4. Reduces evaporation
Duckweed helps to reduce the amount of water that will evaporate from the surface of the water in your tank. In doing so, it decreases the need for topping off the tank.
Concerns About Duckweed
Duckweed is an exceptionally hardy plant that thrives in a variety of environments. This makes it great for aquariums but dangerous in non-native environments. This plant has proven to be dangerous as an introduced plant because it can outcompete native plants for nutrients and space, especially in slow-moving bodies of water.
It’s extremely important for duckweed to be kept contained in your aquarium. It isn’t recommended to use duckweed in outdoor ponds, especially in areas where duckweed doesn’t naturally exist. This is to prevent the duckweed from getting from your pond and into the natural environment in case of flooding or other events that may lead to the plants getting out of the pond.
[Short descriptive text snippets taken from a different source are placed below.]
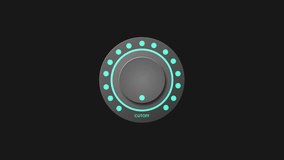 Animated rotary knob turning on, UI interface dial switch for power control, relay activation, synthesizer filter, modern technology HUD element, control panel animation on transparent background. - Powered by Shutterstock - Get 15% off with code: PIKWIZARD15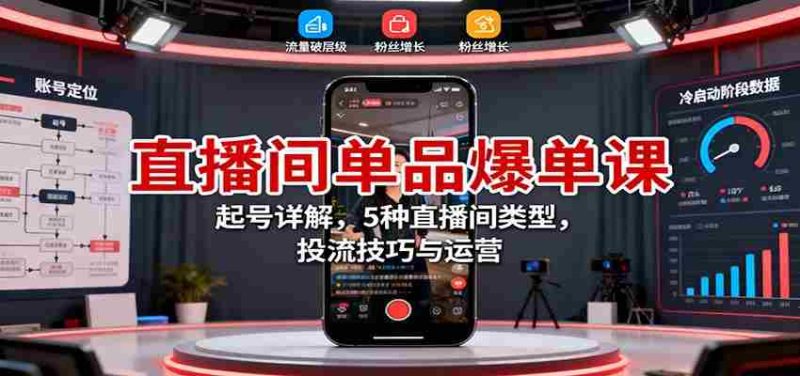 直播间单品爆单课：起号详解，5种直播间类型，投流技巧与运营-有道网创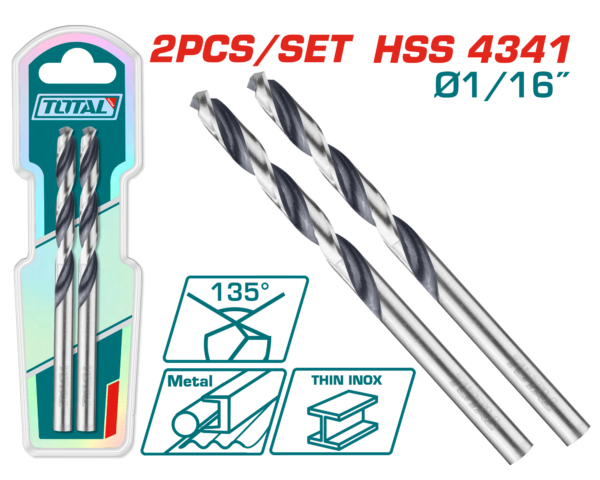 Mecha de Acero HSS 4341 1/16" 2pzas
Even though it’s acquired a bad reputation for its tendency to grow rapidly and reproduce readily, duckweed can be a highly beneficial plant in the right environment. It does take some time and dedication to manage, but many people would say that the benefits outweigh the cons of keeping this plant.
It has benefits in aquariums, like decreasing algae growth and absorbing excess waste products, but it also shows promise in decreasing inflammation, and it’s a very nutrient-dense plant that can be used as a food source for people.